De acordo com os dados estatísticos do recenseamento de 1990 o número de deficientes era de 7.807 (sete mil e oitocentos e sete).
Perante estes fatos, Pedro Cabral sublinhou que um dos desafios da AGRICE é construir um lar de raiz, porque o lar de Bissaquel é uma espécie de oficina artesanal, mas como “não temos meios para construir um lar de raiz foi adaptada para residência e a funcionar como lar”.
“Precisamos de um lar construído de raiz porque vai permitir a organização acolher maior número de crianças e deixá-las mais confortáveis, de acordo com as suas necessidades e limitações. A casa onde funciona o lar de Bissau não é adaptável, porque é um prédio e oferece riscos a uma pessoa invisual “denunciou, revelando que organização conseguiu comprar dez talhões para a construção de um o lar em Bissaquel.
Pedro Cabral, de 34 anos de idade, preside interinamente a AGRICE desde junho de 2020, indicado numa assembleia extraordinária após a morte de uns dos criadores do projecto AGRICE, o Prémio Nobel da Educação de Criança, Manuel Lopes Rodrigues.
Pedro Cabral, que ficou cego aos 21 anos de idade e convive com esta deficiência já há 13 anos, considerou ser “muito difícil” e desconfortável para uma pessoa deficiente, porque é frustrante e além do mais é obrigada a enfrentar a rejeição social.
Disse que no início não foi fácil aceitar a sua situação, depois do seu regresso de Portugal, inscrever-se na “Bengala Branca”, mas com o apoio dos familiares acabou por estar mais forte psicologicamente, ganhou mais ânimo e começou a acreditar que não era inútil, o que o levou a inscrever-se em 2011 na “ Bengala Branca”.
Revelou ter aprendido a escrita braille na Bengala Branca e com o apoio do então presidente da AGRICE, Emanuel Lopes Rodrigues, conseguiu voltar ao liceu Samora Moisés Machel, onde tinha estudado até 8º ano, antes da cegueira, para concluir o 12º ano.

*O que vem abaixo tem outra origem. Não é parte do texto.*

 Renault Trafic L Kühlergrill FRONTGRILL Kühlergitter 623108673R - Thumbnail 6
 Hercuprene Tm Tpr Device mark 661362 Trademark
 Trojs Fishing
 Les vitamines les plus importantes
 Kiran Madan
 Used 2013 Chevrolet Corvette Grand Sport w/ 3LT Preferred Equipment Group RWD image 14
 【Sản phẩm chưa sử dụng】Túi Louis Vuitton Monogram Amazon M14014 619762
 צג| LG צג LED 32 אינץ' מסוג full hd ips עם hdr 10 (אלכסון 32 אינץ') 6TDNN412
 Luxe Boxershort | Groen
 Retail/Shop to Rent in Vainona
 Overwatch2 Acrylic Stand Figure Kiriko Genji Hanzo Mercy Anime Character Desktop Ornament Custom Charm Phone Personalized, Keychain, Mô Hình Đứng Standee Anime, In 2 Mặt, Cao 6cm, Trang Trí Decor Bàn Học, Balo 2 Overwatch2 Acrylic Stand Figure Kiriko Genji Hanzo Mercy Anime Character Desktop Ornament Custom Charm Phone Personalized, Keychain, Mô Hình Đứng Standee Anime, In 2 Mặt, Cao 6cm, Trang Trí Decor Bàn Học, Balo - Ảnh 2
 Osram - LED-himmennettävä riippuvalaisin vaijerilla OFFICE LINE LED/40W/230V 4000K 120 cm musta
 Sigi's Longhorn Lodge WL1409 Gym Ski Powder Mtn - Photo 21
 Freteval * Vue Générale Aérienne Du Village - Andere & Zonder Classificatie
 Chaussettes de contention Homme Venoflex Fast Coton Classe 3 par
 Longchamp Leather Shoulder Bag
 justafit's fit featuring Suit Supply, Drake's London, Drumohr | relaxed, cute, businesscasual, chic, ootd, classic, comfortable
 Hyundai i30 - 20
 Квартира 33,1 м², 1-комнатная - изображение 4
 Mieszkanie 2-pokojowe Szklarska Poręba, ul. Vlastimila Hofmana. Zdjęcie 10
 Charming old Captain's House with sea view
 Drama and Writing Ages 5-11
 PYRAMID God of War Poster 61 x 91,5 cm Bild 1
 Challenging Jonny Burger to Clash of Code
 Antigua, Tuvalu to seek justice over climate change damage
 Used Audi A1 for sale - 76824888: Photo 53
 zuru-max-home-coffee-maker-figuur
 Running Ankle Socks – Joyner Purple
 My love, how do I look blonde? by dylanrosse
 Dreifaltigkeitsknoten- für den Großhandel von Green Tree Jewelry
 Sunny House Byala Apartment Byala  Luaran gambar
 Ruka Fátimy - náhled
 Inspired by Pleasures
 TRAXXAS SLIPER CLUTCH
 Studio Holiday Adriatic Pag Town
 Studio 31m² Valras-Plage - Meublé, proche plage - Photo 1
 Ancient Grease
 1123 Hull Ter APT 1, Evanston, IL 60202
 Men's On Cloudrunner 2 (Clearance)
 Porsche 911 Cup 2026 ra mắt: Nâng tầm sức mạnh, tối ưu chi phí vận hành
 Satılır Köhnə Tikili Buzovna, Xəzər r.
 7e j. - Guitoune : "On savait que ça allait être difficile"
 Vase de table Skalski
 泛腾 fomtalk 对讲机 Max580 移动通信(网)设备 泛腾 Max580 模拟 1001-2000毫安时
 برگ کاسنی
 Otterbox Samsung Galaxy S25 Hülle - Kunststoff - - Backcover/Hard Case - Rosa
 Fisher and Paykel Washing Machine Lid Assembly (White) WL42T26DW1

Pedro Cabral é licenciado em sociologia pela Universidade Lusófona da Guiné 2019/2020 e pretende tirar o mestrado em psicologia oufilosofia.
“Eu acreditava que eu não tinha nascido com deficiência e não ia conviver com ela. Mas agora sinto-me mais realizado com deficiência e, se o meu bom Deus me perguntasse se gostaria de ter de volta a minha visão, eu escolheria conviver com a cegueira”, afirmou.
Para o atual rosto da AGRICE, é sempre bom ter pessoas que contrariam o entendimento da sociedade face aos deficientes e comprometem-se a trabalhar para a consciencialização da sociedade.
De acordo com as estatísticas avançadas, o sexo masculino constitui o maior número na integração mas Pedro Cabral disse que esta diferença deve-se a questões socioculturais e familiares que colocam barreiras às meninas.
Sublinhou que apesar das mudanças e a afirmação de pessoas com deficiências na sociedade, o nível da integração e aceitação social ainda não é o desejável, porque ” não são tidas como prioritários na política governativa, só por terem limitações”.
Lamentou que no passado, pessoas com limitações, particularmente com cegueira tenham sido tratadas como inúteis, as suas refeições eram lhes dadas como animais de estimação e eram excluídas da convivência da família, da comunidade e da sociedade por serem consideradas inúteis.
“Os cegos eram tratados com feiticeiros, se tentassem resistir e mostrar que eram capazes de fazer algo como pessoas normais”, recordou e disse que esta tendência tem mudado com a presença da AGRICE a partir de 1996, a firmeza do Emanuel Rodrigues e a instituição da escola Bengala Branca, em 2003.
“Era tabu ou coisa de outro mundo, uma pessoa com deficiência namorar ou formar família, mas agora é possível, graças à componente sociocultural”, referiu, defendendo que as pessoas têm que aceitar o pluralismo e as pessoas como elas são.
“Nós já provamos a sociedade o nosso valor e a nossa utilidade como qualquer outra pessoa. Apenas temos limitações. Mas já perfilamos em diferentes campos sociais, culturais e políticos “, enfatizou.